Between the SLC and MLC models, the SLC models have much better 512-byte reads IOPS than the MLC models, with only moderately better bandwidth and read latency. Not mentioned, but common knowledge is that SLC NAND has much greater write-cycle endure than MLC NAND.

It is my opinion that most database, transaction processing and DW, can accommodate MLC NAND characteristics and limitations in return for the lower cost per TB. I would consider budgeting a replacement set of SSDs if analysis shows that the MLC life-cycle does not match the expected system life-cycle. Of course, I am also an advocate of replacing the main production database server on a 2-3 year cycle instead of the traditional (bean-counter) 5-year practice.

The difference in read IOPS at 512B is probably not important. If the ioDrive2 MLC models can drive 70K+ read IOPS at 8KB, then it does not matter what the 512B IOPS is.

One point from the press release: "new intelligent self-healing feature called Adaptive FlashBack provides complete chip level fault tolerance, which enables ioMemory to repair itself after a single chip or a multi chip failure without interrupting business continuity." For DW systems, I would like to completely do away with RAID when using SSDs, instead having two system without RAID on SSD units. By this, I mean fault-tolerance should be pushed into the SSD at the unit level. Depending the failure rate of the controller, perhaps there could be two controllers on each SSD unit.

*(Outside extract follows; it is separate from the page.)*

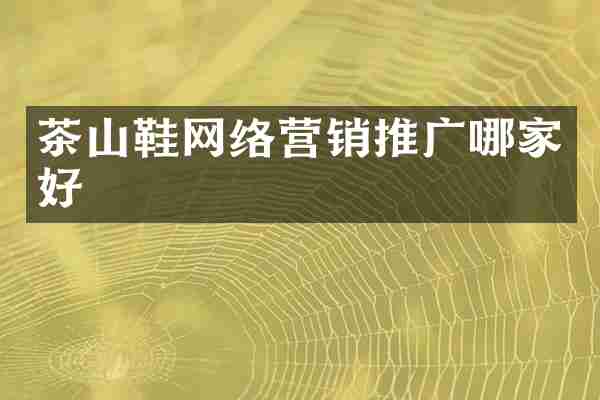 茶山鞋网络营销推广哪家好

For a critical transaction processing system, it would be nice if Fusion could provide failure statistics for units that have been in production for more than 30 days (or whatever the infant mortality period is) on the assumption that most environments will spend a certain amount of time to spin up a new production system. If the failure rate for a system with 2-10 SSDs is less than 1 per year, then perhaps even a transaction processing system using mirroring for high-availability can also do without RAID on the SSD?

ioDrive2 and ioDrive2 Duo
I do think that it is great idea for Fusion to offer both the ioDrive2 and ioDrive2 Duo product lines matched to PCI-E gen2 x4 and x8 bandwidths respectively. The reason is that server systems typically have a mix of PCI-E x4 and x8 slots with no clear explanation of the reasoning for the exact mix, other than perhaps that being demanded by the customer complaining the loudest.

By have both the ioDrive2 and Duo, it is possible to fully utilize the bandwidth from all available slots balanced correctly. It would have been an even better idea if the Duo is actually a daughter card the plugs onto the ioDrive2 base unit, so the base model can be converted to a Duo, but Fusion apparently neglected to solicit my advice on this matter.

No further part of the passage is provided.